4) Premetto che ogni lavoro per il cinema inizia sempre con un grande punto interrogativo. La fortuna di lavorare con autori molto differenti tra loro (documentaristi, videoartisti, commediografi, autori televisivi, neorealisti) appaga la mia (presunta) voracità di ascoltatore, metabolizzatore e scrittore di musica. Detto questo, ribadisco che ogni pellicola rappresenta un punto zero. Ogni volta. Mi riconosco un linguaggio molto ampio ma anche molto connotato. E declinarlo a favore di una serie di immagini ordinate e fotografate da un altro soggetto è di per se un inghippo. Questo mestiere resta un mestiere musicale. Anche se ci troviamo nel mondo delle immagini in movimento: qualcuno, da qualche parte, dovrà ascoltare come suona una nave affondata, la redenzione di un assassino, la costruzione di un enorme torre o il più disperato degli abbracci. Solo che lo spartito lo suggerisce la cinepresa.

5) Le mie prime composizioni per le immagini sono state per due brevi film di Edoardo Winspeare.
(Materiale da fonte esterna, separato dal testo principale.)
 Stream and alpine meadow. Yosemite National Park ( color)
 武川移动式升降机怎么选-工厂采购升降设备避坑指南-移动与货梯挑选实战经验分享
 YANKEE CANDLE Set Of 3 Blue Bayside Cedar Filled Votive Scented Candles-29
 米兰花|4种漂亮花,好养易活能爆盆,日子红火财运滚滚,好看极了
Il primo era una biografia su di un prete-filosofo, il secondo era un documentario per il format Ballarò di Rai Tre. Nel primo caso ho lavorato con strumenti elettronici, nel secondo avevo a disposizione un’intera banda! Come vedi, da subito ho sperimentato i due estremi... Sul perchè abbia iniziato a comporre per il cinema, posso solo dirti che mi piace lavorare con dei parametri. Mi piace sperimentare suoni e linguaggi anche in seno ad altri ambiti espressivi, non solo nelle forme concerto. Inoltre, mi rassicura il fatto che nella mia musica per il cinema riaffiorino elementi sia della mia attività di compositore accademico che quelli provenienti dalle mie produzioni Larssen. Vuoi vedere che sono le immagini a mettere pace tra due anime apparentemente distanti?
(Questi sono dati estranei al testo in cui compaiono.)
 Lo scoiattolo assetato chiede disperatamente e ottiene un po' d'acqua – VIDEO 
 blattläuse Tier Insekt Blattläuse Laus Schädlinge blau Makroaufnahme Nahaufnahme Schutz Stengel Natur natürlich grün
6) Io sono molto legato al supporto fisico. A mio avviso, il supporto ha contribuito in molti casi e generazioni a sviluppare attenzione ed educazione all’ascolto. Temo sempre molto le pareti di hardisk esterni pieni zeppi di file digitali... tendiamo ad accumulare materiali anche per la semplice facilità di reperimento. Ma è probabile che un ascolto attento non lo si darà mai a gran parte di quei tera bytes salvati. Indubbiamente, però, la pubblicazione digitale dei lavori ti proietta in portali e negozi virtuali in tutto il mondo. Per chi non è legato alla pop music più immediata e di stagione questa è una gran bella opportunità. Discograficamente curo prevalentemente le uscite dedicate alla musica contemporanea e sue declinazioni (il mio ultimo lavoro, “Orsobruto” uscito per Pocket Panther Records, cerca di fondere il jazz elettrico con la musica da camera) e alla musica elettronica nelle sue mille sfumature. In quest’ultimo caso, uso il nome della mia piattaforma produttiva: Larssen. Ovviamente, il digitale è una tappa discografica obbligata e per molti aspetti più snella. Ma preferisco comunque far stampare i miei lavori. Le stesse tracklist nascono e sono organizzate in base a durate e sequenze per supporti fisici (anche vinili). Diciamo che fisico e digitale possono accontentare sia chi vive di portatilità che di collezionismo, sia chi ascolta in movimento sia chi ha una poltrona e vuole dosare per bene l’attenzione. Da qualche anno mi si propone una raccolta di mie colonne sonore. Io ci provo a disegnare una tracklist... il duro è selezionare! Forse proprio il digitale potrebbe risolvere l’impasse: pubblicare tutto senza problemi di spazio e durate.